The emf- jobs were cancelled (or failed time-out) yesterday before the test job was retried; the emf- job was restarted and is hung in the same place again today and the jobs (including the test job) are hanging as before.
My guess:
I think server/slave communication is hanging in the emma/coverage plugin.
Witness the fast pipeline exception I see in the take-down log of the first emf- job:
BUILD SUCCESSFUL
Total time: 10 minutes 53 seconds
Archiving artifacts
Recording test results
Emma: looking for coverage reports in the provided path: build/result/test/output/*-coverageReport.xml
Emma: found 2 report files:
/opt/users/hudsonbuild/workspace/emf-graphiti-nighly/build/result/test/output/JUnit-graphiti-coverageReport.xml
/opt/users/hudsonbuild/workspace/emf-graphiti-nighly/build/result/test/output/JUnit-graphitiUI-coverageReport.xml
Emma: stored 2 report files in the build folder: /opt/users/hudsonbuild/.hudson/jobs/emf-graphiti-nighly/builds/2010-07-20_11-06-04/emma
ERROR: Publisher hudson.plugins.emma.EmmaPublisher aborted due to exception
java.io.IOException
at hudson.remoting.FastPipedInputStream.read(FastPipedInputStream.java:173)

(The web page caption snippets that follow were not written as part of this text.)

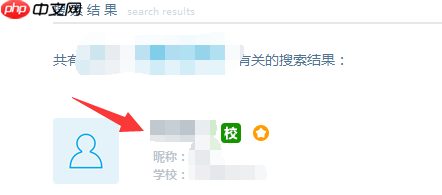 易班怎么加入班级 具体操作步骤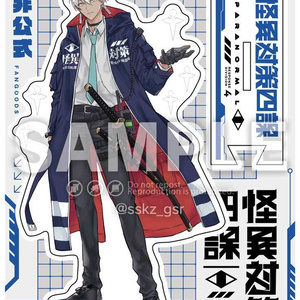 ギヴン」スペシャルワイド両面ポスター - 「ギヴン」公式SHOP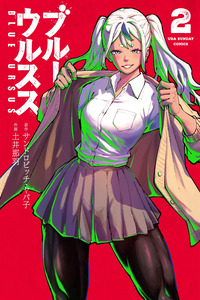 Blue Ursus cover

at sun.nio.cs.StreamDecoder$CharsetSD.readBytes(StreamDecoder.java:452)
at sun.nio.cs.StreamDecoder$CharsetSD.implRead(StreamDecoder.java:494)
at sun.nio.cs.StreamDecoder.read(StreamDecoder.java:222)
at java.io.InputStreamReader.read(InputStreamReader.java:177)
at org.xmlpull.mxp1.MXParser.fillBuf(MXParser.java:2992)
at org.xmlpull.mxp1.MXParser.more(MXParser.java:3046)
at org.xmlpull.mxp1.MXParser.parseProlog(MXParser.java:1410)
at org.xmlpull.mxp1.MXParser.nextImpl(MXParser.java:1395)
at org.xmlpull.mxp1.MXParser.next(MXParser.java:1093)
at org.xmlpull.mxp1.MXParser.nextTag(MXParser.java:1078)
at hudson.plugins.emma.EmmaBuildAction.loadRatios(EmmaBuildAction.java:260)
at hudson.plugins.emma.EmmaBuildAction.load(EmmaBuildAction.java:233)
at hudson.plugins.emma.EmmaPublisher.perform(EmmaPublisher.java:126)
at hudson.tasks.BuildStepMonitor$3.perform(BuildStepMonitor.java:36)
at hudson.model.AbstractBuild$AbstractRunner.perform(AbstractBuild.java:582)
at hudson.model.AbstractBuild$AbstractRunner.performAllBuildStep(AbstractBuild.java:563)
at hudson.model.AbstractBuild$AbstractRunner.performAllBuildStep(AbstractBuild.java:550)
at hudson.model.Build$RunnerImpl.post2(Build.java:152)
at hudson.model.AbstractBuild$AbstractRunner.post(AbstractBuild.java:528)
at hudson.model.Run.run(Run.java:1267)
at hudson.model.FreeStyleBuild.run(FreeStyleBuild.java:46)
at hudson.model.ResourceController.execute(ResourceController.java:88)
at hudson.model.Executor.run(Executor.java:122)
ln -s builds/2010-07-20_11-06-04 /opt/users/hudsonbuild/.hudson/jobs/emf-graphiti-nighly/builds/../lastSuccessful failed: -1
ln -s builds/2010-07-20_11-06-04 /opt/users/hudsonbuild/.hudson/jobs/emf-graphiti-nighly/builds/../lastStable failed: -1
Finished: SUCCESS
Note that this is reported as SUCCESS when it has clearly failed.
Do I understand correctly that the emma/coverage plug-in is a recent thing? I read some talk of "re-instating" it on another bug.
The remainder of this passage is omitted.